Wirkstoff schaltet Krebsmutation aus: Hoffnung für Leukämiepatienten

fzm – Durch Änderungen im Erbgut können Krebszellen ihr Wachstum beschleunigen. Ein Medikament, das gezielt die Auswirkungen einer solchen Mutation ausschaltet, hat sich bei der akuten myeloischen Leukämie (AML), einer bestimmten Form von Blutkrebs, zunächst als wirksam erwiesen. Patienten, für die es bisher keine Behandlungsmöglichkeit mehr gab, blieben teilweise mehr als ein Jahr ohne Rückfall, berichten Onkologen in der Fachzeitschrift „DMW Deutsche Medizinische Wochenschrift“ (Georg Thieme Verlag, Stuttgart. 2010).

Der Wirkstoff Sorafenib hemmt in Körperzellen die sogenannten Proteinkinasen. Diese Enzyme sind an der Umsetzung der genetischen Information in eine Zellaktion beteiligt. Bei der Blutkrebsart AML verhindert Sorafenib, dass eine Mutation im sogenannten FLT3-ITD-Gen die Vermehrung der Leukämiezellen stimuliert. Etwa ein Viertel der Patienten mit AML haben diese Mutation, berichtet das Team um Dr. Stephan Metzelder von der Abteilung für Hämatologie, Onkologie und Immunologie der Universität Marburg. Und eine Mutation sei bei ihnen mit einem deutlich höheren Rückfallrisiko und verkürzten Überlebenszeiten verbunden.

In den letzten Jahren haben Forscher daher versucht, spezifische Hemmstoffe, sogenannte Kinase-Inhibitoren, für das FLT3-ITD-Gen zu entwickeln. Doch die Ergebnisse waren, wie Dr. Metzelder und seine Kollegen ausführen, insgesamt enttäuschend. Als wirksam habe sich jetzt dagegen Sorafenib erwiesen, der neben dem Einsatz bei Leber- und Nierenkrebs auch das das AML-Wachstumsgen FLT3-ITD stoppen kann.

Wie bei Krebserkrankungen üblich, wird Sorafenib zunächst nur bei Patienten eingesetzt, bei denen andere Therapien ihre Wirkung verloren haben. Dies war auch bei den acht Patienten der Fall, über die die Forscher jetzt in der DMW berichten. Fünf Patienten hatten bereits eine Stammzelltransplantation erhalten, die heute als letzte Heilungschance gilt. Bei den anderen war eine Stammzelltransplantation vorgesehen. Die Patienten wurden in der Vorbereitungszeit mit Sorafenib behandelt.

Dr. Metzelder: Bei allen Patienten kam es zunächst unter der Behandlung mit Sorafenib zu einer Verbesserung. Bei einigen verschwanden die Leukämiezellen aus dem Blut, bei anderen waren sie auch an ihrem Entstehungsort, dem Knochenmark, nicht mehr nachweisbar. Bei einigen fiel sogar ein Gentest auf die FLT3-ITD-Mutation negativ aus, was bei der Leukämiebehandlung ein optimales Ergebnis ist. Einer dieser Patienten ist, wie Dr. Metzelder mitteilt, seit nunmehr 458 Tagen tumorfrei.

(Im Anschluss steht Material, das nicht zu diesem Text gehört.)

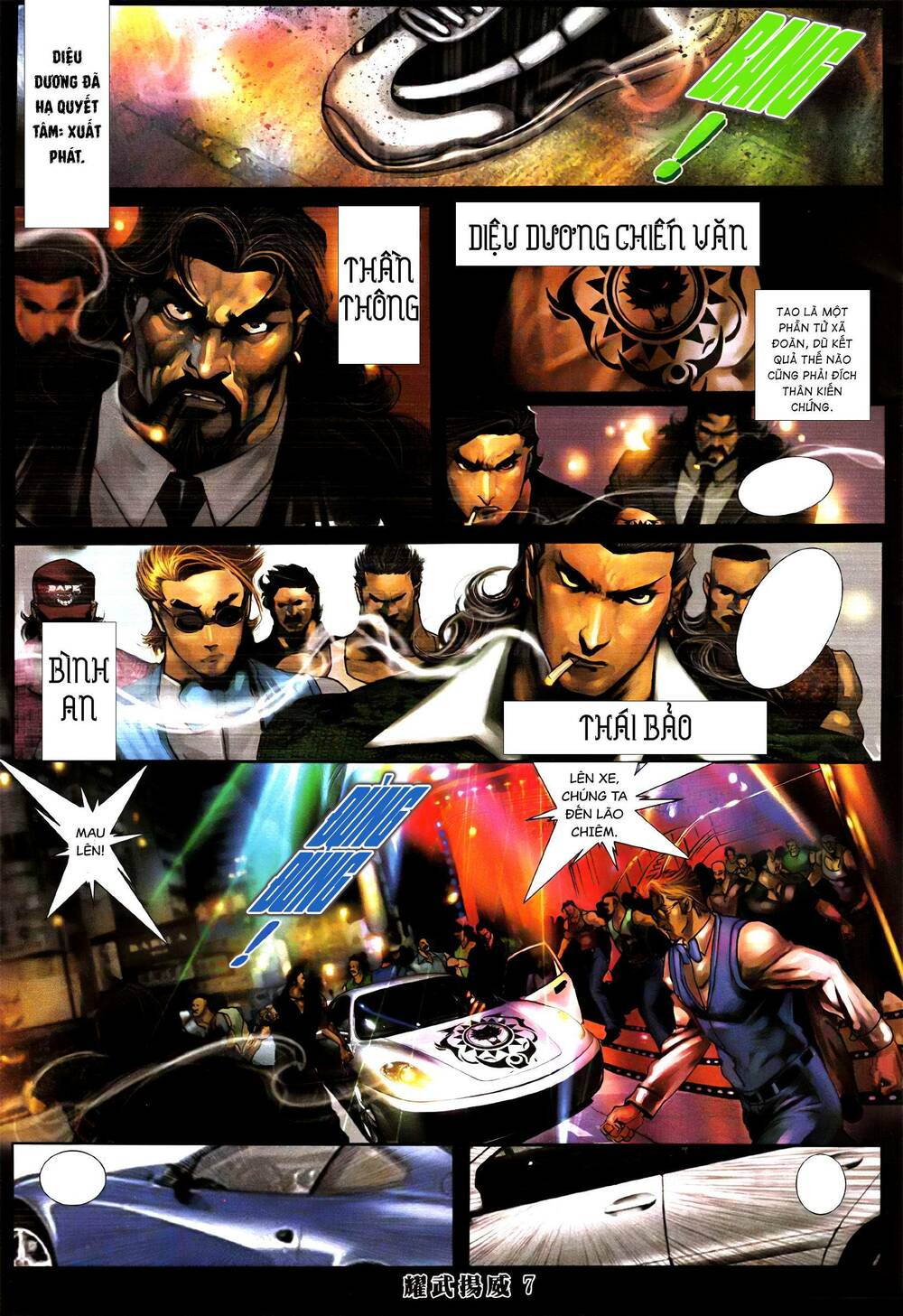 Diệu Võ Dương Oai: Chapter 372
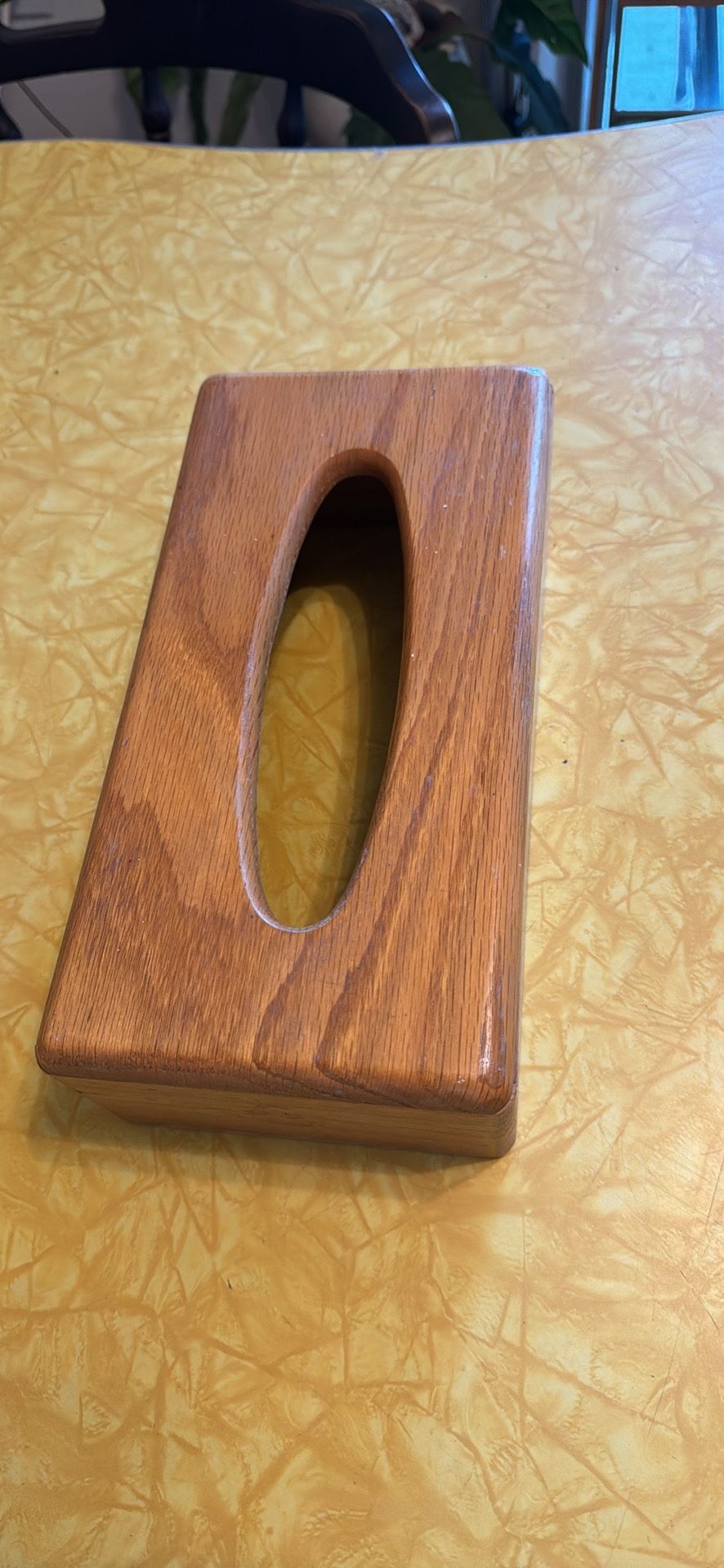 Wooden Tissue Box Cover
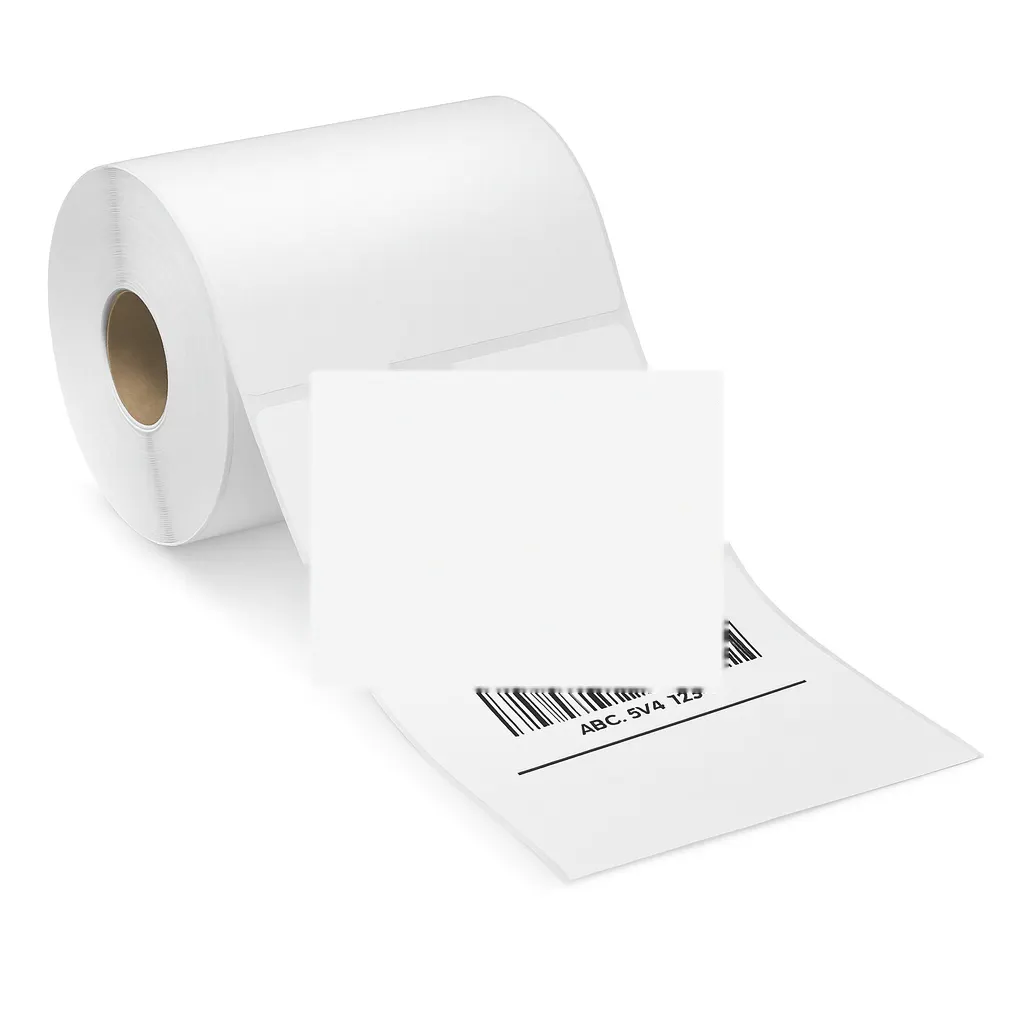 4 × 6 in Thermal Shipping Label Roll — PackWorks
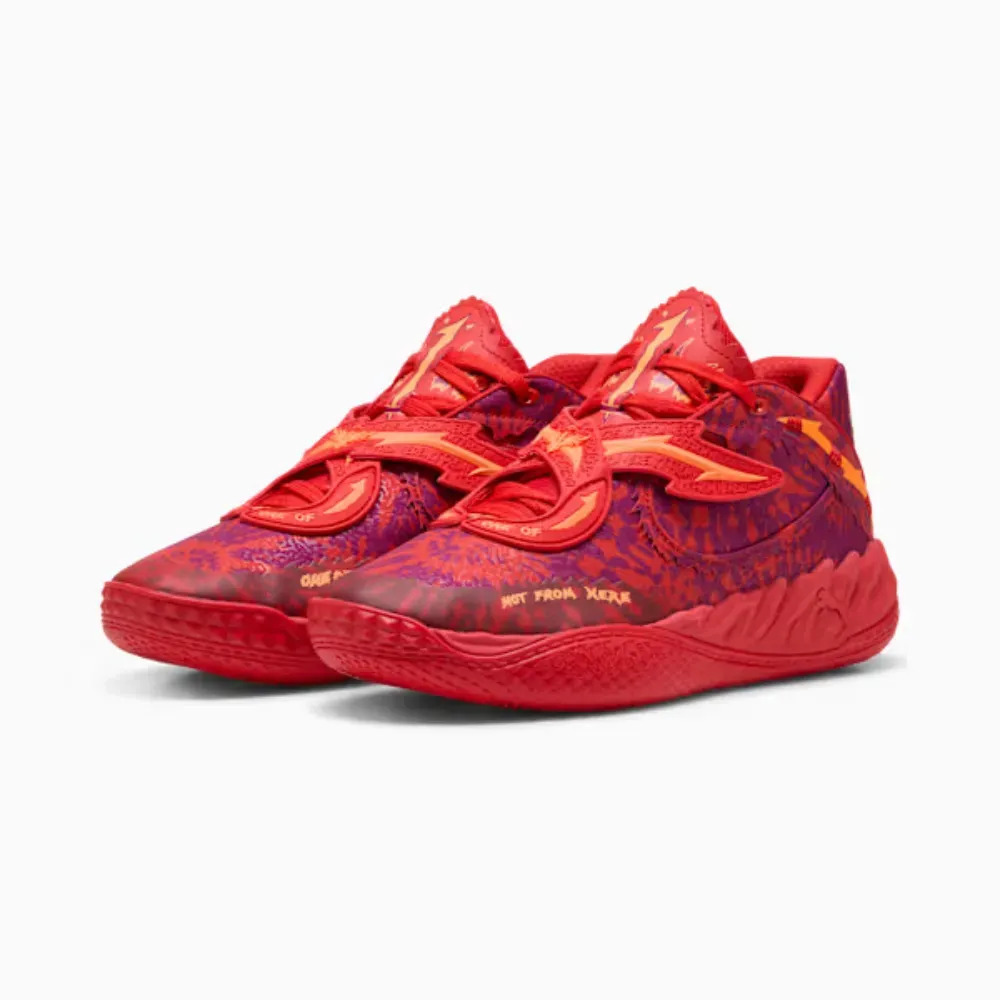 Puma MB.05 Crowd Surf Red Magenta Gleam Fluro Orange — 40 / 41 / 42 / 43, Novo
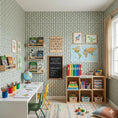 Load image into Gallery viewer, Tully Wallpaper by The Lil Dills Shop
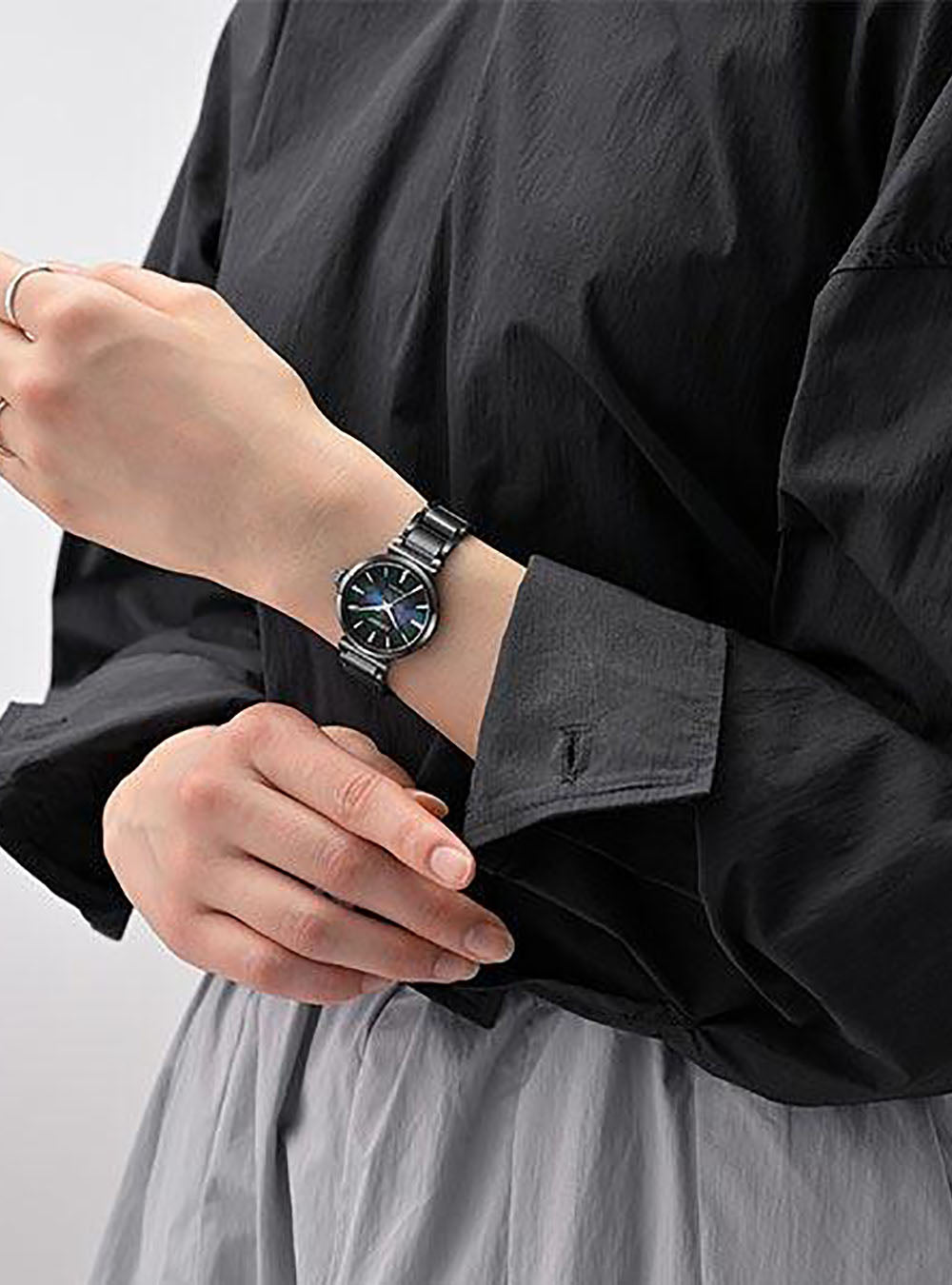 CITIZEN L ROUND Collection EM1067-88E Limited Edition Watch with Japan Movement - Perfect for Business, Formal Events & Luxury Gifts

Derzeit untersuchen mehrere Kliniken in Deutschland in einer Studie, ob alle AML-Patienten mit dieser Mutation nach einer Stammzelltransplantation mit Sorafenib behandelt werden sollen. Das Ziel ist die Vermeidung eines Rückfalls. Eine Garantie auf eine Heilung gibt es auch bei diesem Vorgehen nicht. Mehrere Patienten haben schließlich doch einen Rückfall erlitten und fünf der acht Patienten sind inzwischen verstorben. Die Ursache war eine Sorafenib-Resistenz: Die Leukämiezellen haben durch weitere Mutationen “gelernt”, sich dem Zugriff des Medikaments zu entziehen. Die Mediziner hoffen, dass eine Kombination von Sorafenib mit anderen Medikamenten besser wirksam sein könnte. Dafür sind weitere umfangreiche Studien nötig.

S. K. Metzelder et al.:

Sorafenib bei rezidivierter und therapierefraktärer FLT3-ITD-positiver akuter myeloischer Leukämie: eine neue Behandlungsoption.